CS131,Homewrok5,Segmentation-Clustering

Homework 5

This notebook includes both coding and written questions. Please hand in this notebook file with all the outputs and your answers to the written questions.

This assignment covers K-Means and HAC methods for clustering.

这份作业包含的主题：用于聚类的K-means 和 HAC（层次凝聚聚类）方法，以及聚类算法的量化评估。

# Setup
from time import time
import numpy as np
import matplotlib.pyplot as plt
from matplotlib import rc
from skimage import io

from __future__ import print_function

%matplotlib inline
plt.rcParams['figure.figsize'] = (15.0, 12.0) # set default size of plots
plt.rcParams['image.interpolation'] = 'nearest'
plt.rcParams['image.cmap'] = 'gray'

# for auto-reloading extenrnal modules
%load_ext autoreload
%autoreload 2

The autoreload extension is already loaded. To reload it, use:
  %reload_ext autoreload

Introduction

In this assignment, you will use clustering algorithms to segment images. You will then use these segmentations to identify foreground and background objects.

Your assignment will involve the following subtasks:

• Clustering algorithms: Implement K-Means clustering and Hierarchical Agglomerative Clustering.
• Pixel-level features: Implement a feature vector that combines color and position information and implement feature normalization.
• Quantitative Evaluation: Evaluate segmentation algorithms with a variety of parameter settings by comparing your computed segmentations against a dataset of ground-truth segmentations.

使用聚类算法实现图像分割，分割图像前景和背景。

作业分为这三步：

1. 聚类算法的实现：实现K-Means聚类和层次凝聚聚类
2. 像素级特征：实现结合颜色和位置信息的特征向量以及实现特征归一化。
3. 量化评估：通过将计算出来的分割结果与GroundTruth进行比较，评估具有各种参数设置的分割算法。

量化评估这一块重要，我还没学过评估分割结果的方法

1 Clustering Algorithms (40 points)

# Generate random data points for clustering

# Cluster 1
mean1 = [-1, 0]
cov1 = [[0.1, 0], [0, 0.1]]
X1 = np.random.multivariate_normal(mean1, cov1, 100)

# Cluster 2
mean2 = [0, 1]
cov2 = [[0.1, 0], [0, 0.1]]
X2 = np.random.multivariate_normal(mean2, cov2, 100)

# Cluster 3
mean3 = [1, 0]
cov3 = [[0.1, 0], [0, 0.1]]
X3 = np.random.multivariate_normal(mean3, cov3, 100)

# Cluster 4
mean4 = [0, -1]
cov4 = [[0.1, 0], [0, 0.1]]
X4 = np.random.multivariate_normal(mean4, cov4, 100)

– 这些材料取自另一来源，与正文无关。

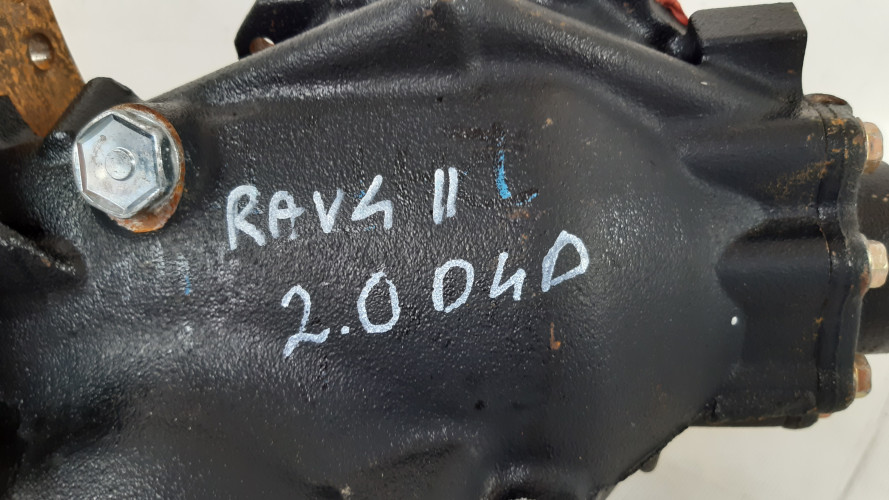 TOYOTA RAV4 II 2.0 D4D REDUKTOR SKRZYNIA ROZDZIELCZA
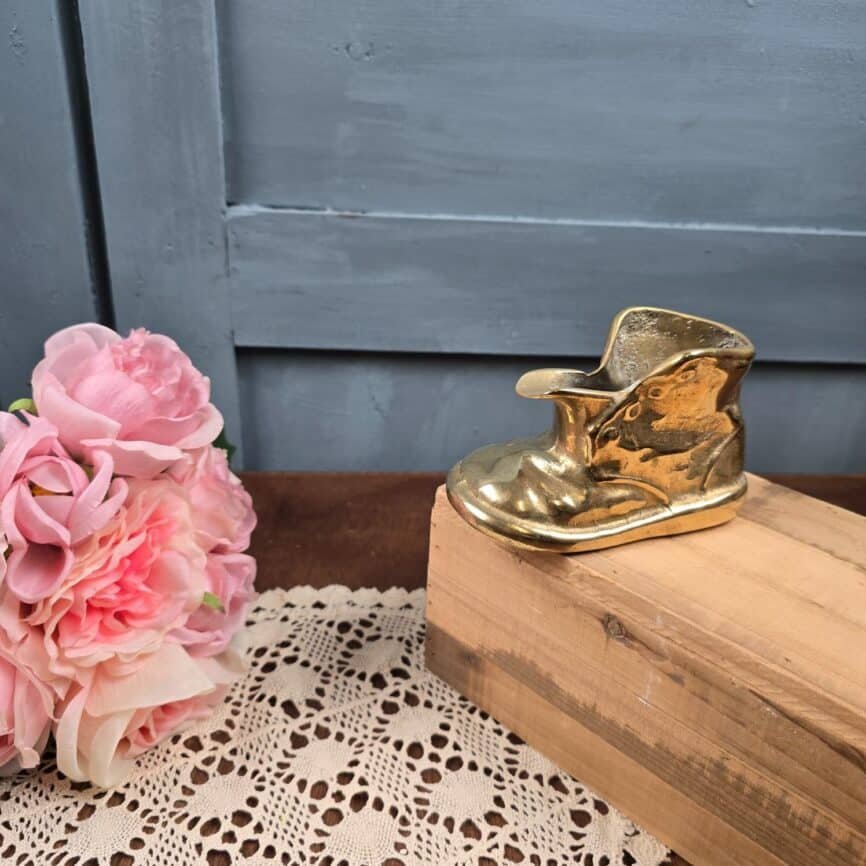 Chaussure vintage en laiton doré – ambiance vintage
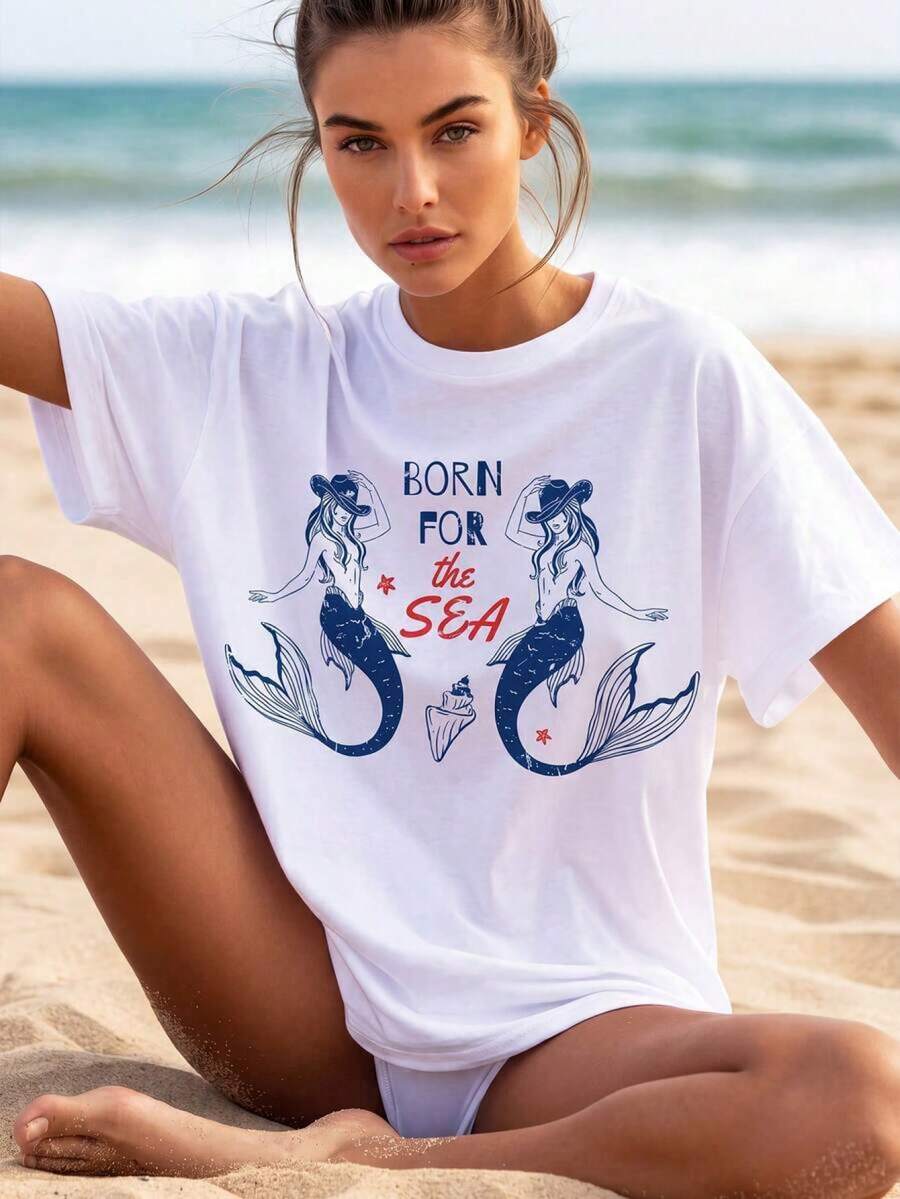 Camiseta Casual Blanca de Corte Regular para Mujer, Cuello Redondo, Hombros Caídos, Manga Corta, con Estampado de Sirena 'Nacida para el Mar', Estilo Boho de Playa GCE1 - Blanco - Ver 1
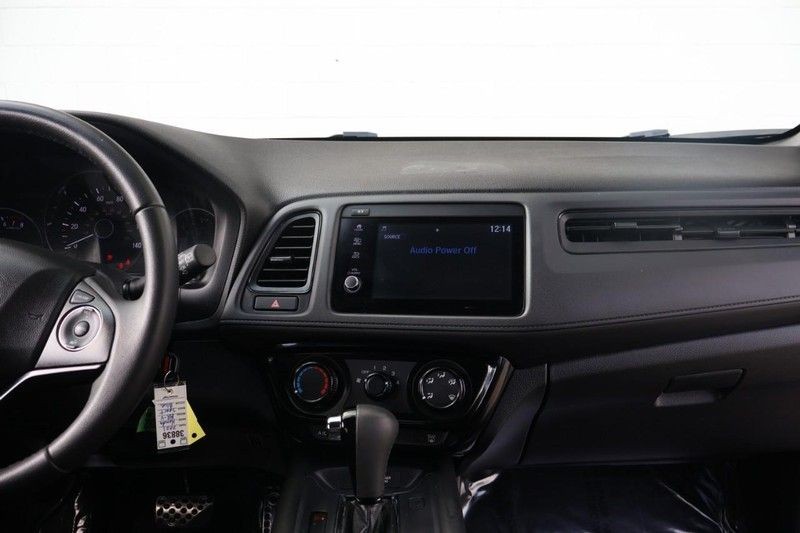 Honda HR-V Vehicle Full-screen Gallery Image 26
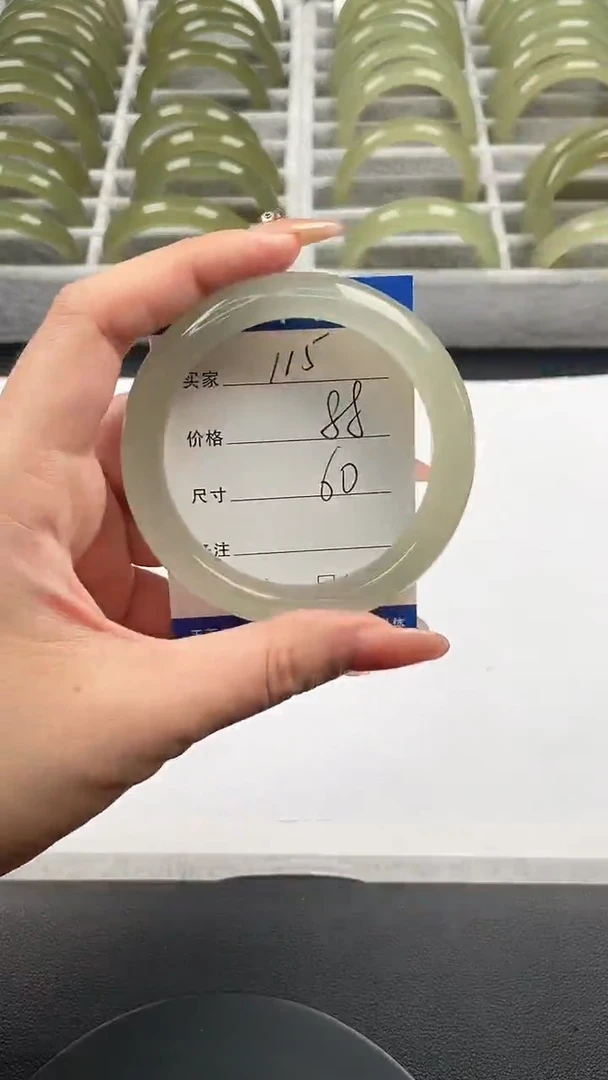 未镶嵌手镯石英质玉东陵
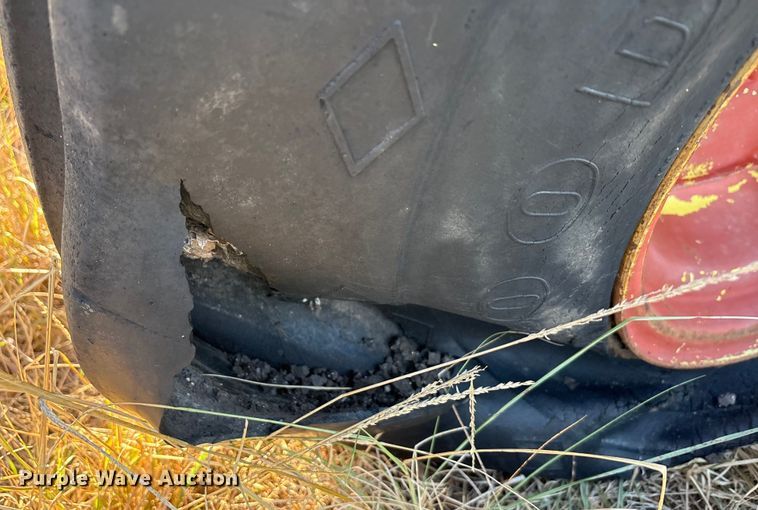 image for item EA7520 1967 International Harvester Farmall 706 tractor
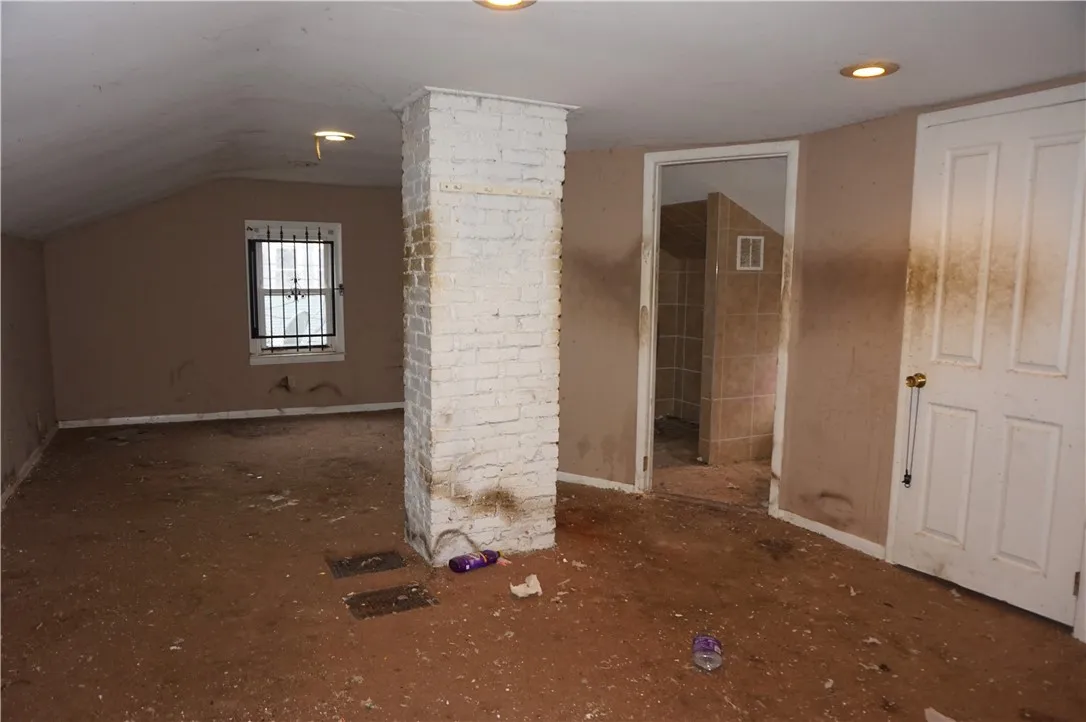 Buffalo, New York 14201, 3 Bedrooms Bedrooms, 7 Rooms Rooms,2 BathroomsBathrooms,Residential,Closed,R1599027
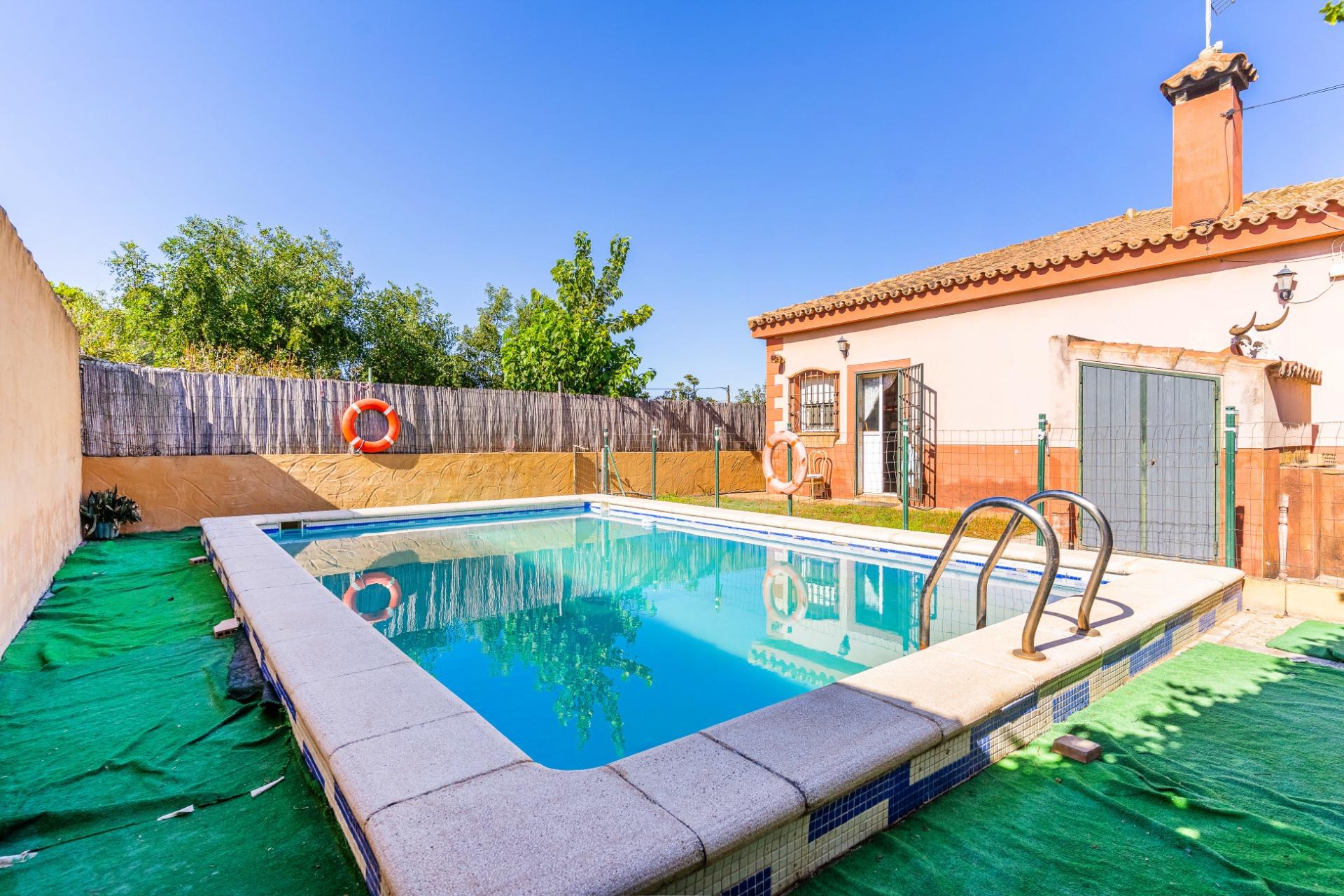 MAGNIFICO CHALET CON PISCINA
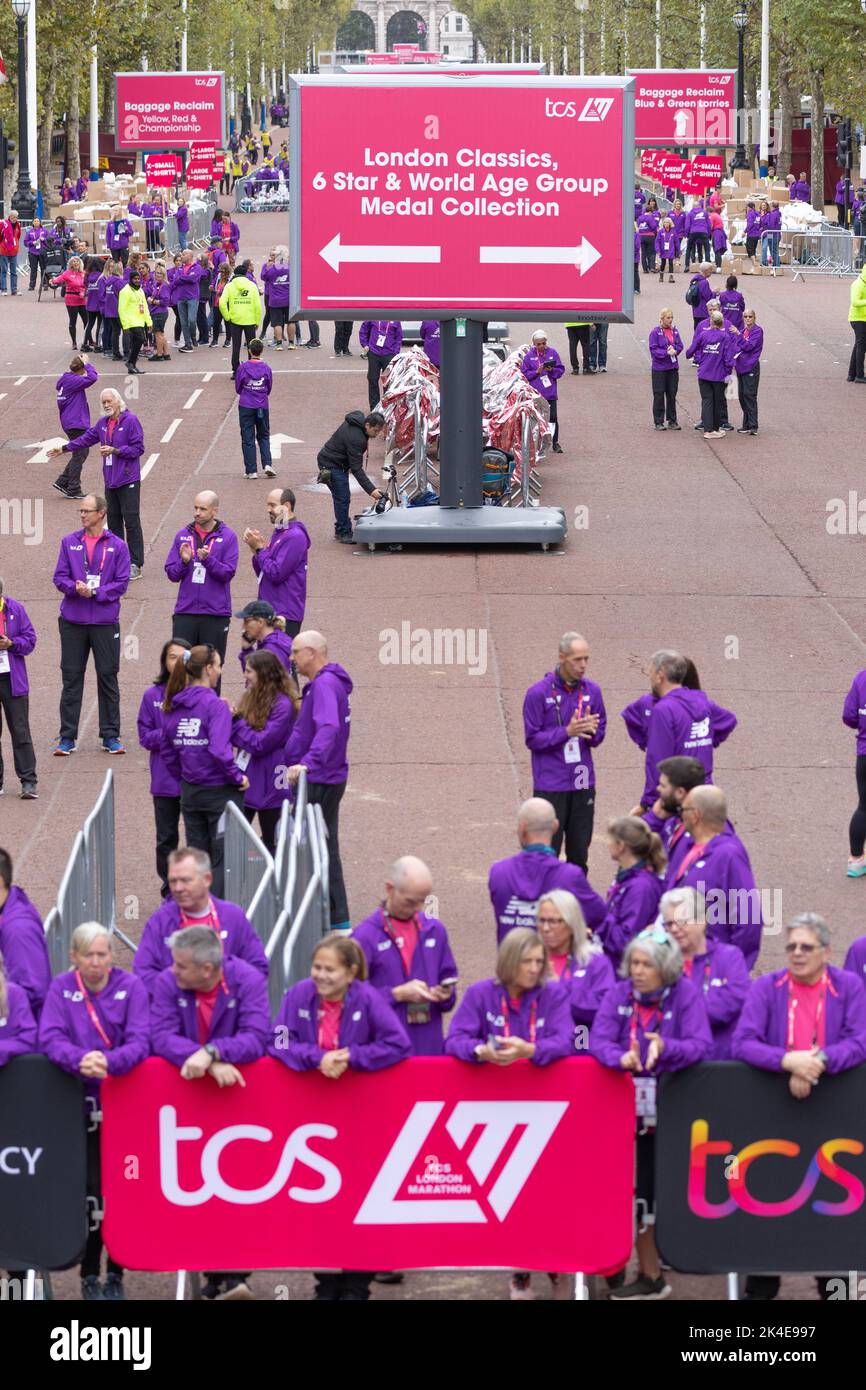 LONDRES, ANGLETERRE - 02 OCTOBRE 2022 : le Marathon de Londres 2022 du TCS au Mall le 2nd octobre 2022 à Londres, Angleterre. Credit: SMP News / Alamy Live News Banque D'Images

# Merge two sets of data points
X = np.concatenate((X1, X2, X3, X4))

# Plot data points
plt.scatter(X[:, 0], X[:, 1])
plt.axis('equal')
plt.show()

1.1 K-Means Clustering (20 points)

As discussed in class, K-Means is one of the most popular clustering algorithms. We have provided skeleton code for K-Means clustering in the file segmentation.py. Your first task is to finish implementing kmeans in segmentation.py. This version uses nested for loops to assign points to the closest centroid and compute new mean of each cluster.

K-Means Wiki

k-平均算法

目前题图允许使用循环实现点到最近中心的分配即可。

K-means的步骤：

1. 随机初始化聚类中心
2. 将点分配给最近的中心
3. 计算每个聚类的新的中心
4. 如果聚类的分配不再变动则停止
5. 从第二步继续循环

from segmentation import kmeans

np.random.seed(0)
start = time()
assignments = kmeans(X, 4)
end = time()

kmeans_runtime = end - start

print("kmeans running time: %f seconds." % kmeans_runtime)

for i in range(4):
    cluster_i = X[assignments==i]
    plt.scatter(cluster_i[:, 0], cluster_i[:, 1])

plt.axis('equal')
plt.show()

迭代次数 8
kmeans running time: 0.061108 seconds.

哈，简单的实现了K-Means算法，发现第三步判断终止条件很重要，添加了以后只迭代了几次就结束了，大大降低了运行时间。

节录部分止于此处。